- **WHAT THE TASK ASKS**
Beginning with the line that holds "Both tests are" in the data below, give again every line through the one that holds "So I retook", exactly as written.

***

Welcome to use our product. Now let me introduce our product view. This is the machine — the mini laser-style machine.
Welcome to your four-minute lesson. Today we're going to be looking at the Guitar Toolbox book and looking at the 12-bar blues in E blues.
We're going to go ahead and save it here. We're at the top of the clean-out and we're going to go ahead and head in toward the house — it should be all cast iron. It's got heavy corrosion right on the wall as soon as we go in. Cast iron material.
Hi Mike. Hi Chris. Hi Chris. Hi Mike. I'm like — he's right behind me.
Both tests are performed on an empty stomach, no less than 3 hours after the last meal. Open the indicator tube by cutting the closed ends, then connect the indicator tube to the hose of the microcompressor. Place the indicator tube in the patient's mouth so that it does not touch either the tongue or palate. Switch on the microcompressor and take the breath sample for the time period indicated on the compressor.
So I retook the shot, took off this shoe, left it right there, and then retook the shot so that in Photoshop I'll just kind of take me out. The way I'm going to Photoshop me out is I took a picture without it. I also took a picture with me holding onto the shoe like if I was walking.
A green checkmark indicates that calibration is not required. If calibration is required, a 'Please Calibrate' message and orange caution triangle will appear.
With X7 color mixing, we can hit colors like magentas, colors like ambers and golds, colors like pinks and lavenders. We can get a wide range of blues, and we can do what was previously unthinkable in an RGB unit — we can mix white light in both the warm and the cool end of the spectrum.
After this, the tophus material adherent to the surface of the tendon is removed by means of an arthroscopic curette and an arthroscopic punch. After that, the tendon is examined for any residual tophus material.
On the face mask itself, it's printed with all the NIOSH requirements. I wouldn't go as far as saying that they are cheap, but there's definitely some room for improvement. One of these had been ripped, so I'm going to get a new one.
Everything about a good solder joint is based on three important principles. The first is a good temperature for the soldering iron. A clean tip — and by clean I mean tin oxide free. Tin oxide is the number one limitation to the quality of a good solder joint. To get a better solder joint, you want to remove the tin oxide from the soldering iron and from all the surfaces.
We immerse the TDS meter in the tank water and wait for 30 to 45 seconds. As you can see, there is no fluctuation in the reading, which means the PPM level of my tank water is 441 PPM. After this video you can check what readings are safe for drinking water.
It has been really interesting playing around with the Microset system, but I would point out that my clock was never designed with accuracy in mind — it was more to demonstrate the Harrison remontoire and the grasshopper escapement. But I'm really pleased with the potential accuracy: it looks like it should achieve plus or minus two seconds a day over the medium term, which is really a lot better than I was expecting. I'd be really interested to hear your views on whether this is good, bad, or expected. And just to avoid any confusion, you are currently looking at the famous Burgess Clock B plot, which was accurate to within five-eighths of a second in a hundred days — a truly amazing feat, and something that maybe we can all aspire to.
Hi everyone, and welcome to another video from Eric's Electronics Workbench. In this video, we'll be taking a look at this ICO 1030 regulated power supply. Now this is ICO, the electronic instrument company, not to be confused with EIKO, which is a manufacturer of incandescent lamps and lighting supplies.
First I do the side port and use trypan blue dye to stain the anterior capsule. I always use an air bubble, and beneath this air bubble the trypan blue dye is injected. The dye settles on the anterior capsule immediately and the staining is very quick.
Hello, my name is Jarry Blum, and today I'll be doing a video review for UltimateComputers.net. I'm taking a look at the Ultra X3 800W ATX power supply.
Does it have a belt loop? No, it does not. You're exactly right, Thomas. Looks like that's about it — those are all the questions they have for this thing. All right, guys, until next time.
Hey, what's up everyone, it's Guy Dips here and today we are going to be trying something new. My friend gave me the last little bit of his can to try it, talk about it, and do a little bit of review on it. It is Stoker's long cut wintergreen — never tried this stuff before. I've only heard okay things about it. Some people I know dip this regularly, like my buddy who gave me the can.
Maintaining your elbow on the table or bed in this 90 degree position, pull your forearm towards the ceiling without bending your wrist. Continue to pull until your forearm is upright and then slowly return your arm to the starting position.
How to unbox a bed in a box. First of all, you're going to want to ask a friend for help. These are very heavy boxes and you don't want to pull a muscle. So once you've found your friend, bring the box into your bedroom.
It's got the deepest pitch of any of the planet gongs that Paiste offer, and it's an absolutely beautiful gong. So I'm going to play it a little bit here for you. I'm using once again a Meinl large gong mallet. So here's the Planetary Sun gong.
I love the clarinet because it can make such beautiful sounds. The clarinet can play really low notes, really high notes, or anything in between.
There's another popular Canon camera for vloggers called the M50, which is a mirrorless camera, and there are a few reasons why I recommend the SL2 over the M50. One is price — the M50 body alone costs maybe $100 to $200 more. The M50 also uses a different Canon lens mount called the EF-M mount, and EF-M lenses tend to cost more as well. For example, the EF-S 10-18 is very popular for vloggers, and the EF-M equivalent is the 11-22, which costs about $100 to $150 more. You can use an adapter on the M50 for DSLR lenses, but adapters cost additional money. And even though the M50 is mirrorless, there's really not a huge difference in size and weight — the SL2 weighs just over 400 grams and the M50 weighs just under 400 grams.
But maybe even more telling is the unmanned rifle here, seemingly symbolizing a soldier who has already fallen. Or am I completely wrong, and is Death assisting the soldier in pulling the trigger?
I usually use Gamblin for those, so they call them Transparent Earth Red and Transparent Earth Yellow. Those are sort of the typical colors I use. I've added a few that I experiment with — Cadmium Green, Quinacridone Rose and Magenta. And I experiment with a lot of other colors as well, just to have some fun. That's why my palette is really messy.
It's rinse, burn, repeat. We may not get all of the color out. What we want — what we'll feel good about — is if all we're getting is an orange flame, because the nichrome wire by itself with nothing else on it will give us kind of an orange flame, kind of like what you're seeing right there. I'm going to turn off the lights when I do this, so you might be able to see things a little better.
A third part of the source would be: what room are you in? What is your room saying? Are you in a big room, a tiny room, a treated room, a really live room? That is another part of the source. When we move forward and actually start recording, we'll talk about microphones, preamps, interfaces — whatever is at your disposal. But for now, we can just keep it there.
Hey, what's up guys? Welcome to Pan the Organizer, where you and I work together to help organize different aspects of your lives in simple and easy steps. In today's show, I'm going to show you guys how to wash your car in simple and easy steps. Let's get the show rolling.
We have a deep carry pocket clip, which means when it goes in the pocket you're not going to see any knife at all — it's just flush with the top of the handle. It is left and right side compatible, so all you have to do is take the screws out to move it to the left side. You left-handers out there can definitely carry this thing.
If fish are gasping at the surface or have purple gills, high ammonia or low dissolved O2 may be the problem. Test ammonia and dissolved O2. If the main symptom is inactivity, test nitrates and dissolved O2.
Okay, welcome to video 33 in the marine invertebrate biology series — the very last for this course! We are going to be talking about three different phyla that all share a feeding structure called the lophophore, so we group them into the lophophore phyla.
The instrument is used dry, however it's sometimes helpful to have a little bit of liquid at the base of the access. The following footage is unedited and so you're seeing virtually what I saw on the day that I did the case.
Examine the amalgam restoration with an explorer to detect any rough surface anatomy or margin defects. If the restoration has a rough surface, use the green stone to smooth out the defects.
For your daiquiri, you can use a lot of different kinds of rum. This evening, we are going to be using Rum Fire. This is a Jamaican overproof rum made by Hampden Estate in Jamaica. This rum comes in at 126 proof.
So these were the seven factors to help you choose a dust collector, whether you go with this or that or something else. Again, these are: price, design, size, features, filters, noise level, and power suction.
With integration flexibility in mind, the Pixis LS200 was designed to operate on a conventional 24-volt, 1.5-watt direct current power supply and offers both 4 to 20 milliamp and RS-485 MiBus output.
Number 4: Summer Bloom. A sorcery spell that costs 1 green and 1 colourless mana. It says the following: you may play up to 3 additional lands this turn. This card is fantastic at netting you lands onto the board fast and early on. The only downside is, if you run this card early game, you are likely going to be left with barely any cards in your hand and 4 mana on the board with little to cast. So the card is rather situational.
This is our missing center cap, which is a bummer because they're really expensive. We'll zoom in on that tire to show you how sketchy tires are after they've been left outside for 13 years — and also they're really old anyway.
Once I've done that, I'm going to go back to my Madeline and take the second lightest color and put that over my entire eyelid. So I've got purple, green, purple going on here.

***

- **TASK ANSWER**
Both tests are performed on an empty stomach, no less than 3 hours after the last meal. Open the indicator tube by cutting the closed ends, then connect the indicator tube to the hose of the microcompressor. Place the indicator tube in the patient's mouth so that it does not touch either the tongue or palate. Switch on the microcompressor and take the breath sample for the time period indicated on the compressor.
So I retook the shot, took off this shoe, left it right there, and then retook the shot so that in Photoshop I'll just kind of take me out. The way I'm going to Photoshop me out is I took a picture without it. I also took a picture with me holding onto the shoe like if I was walking.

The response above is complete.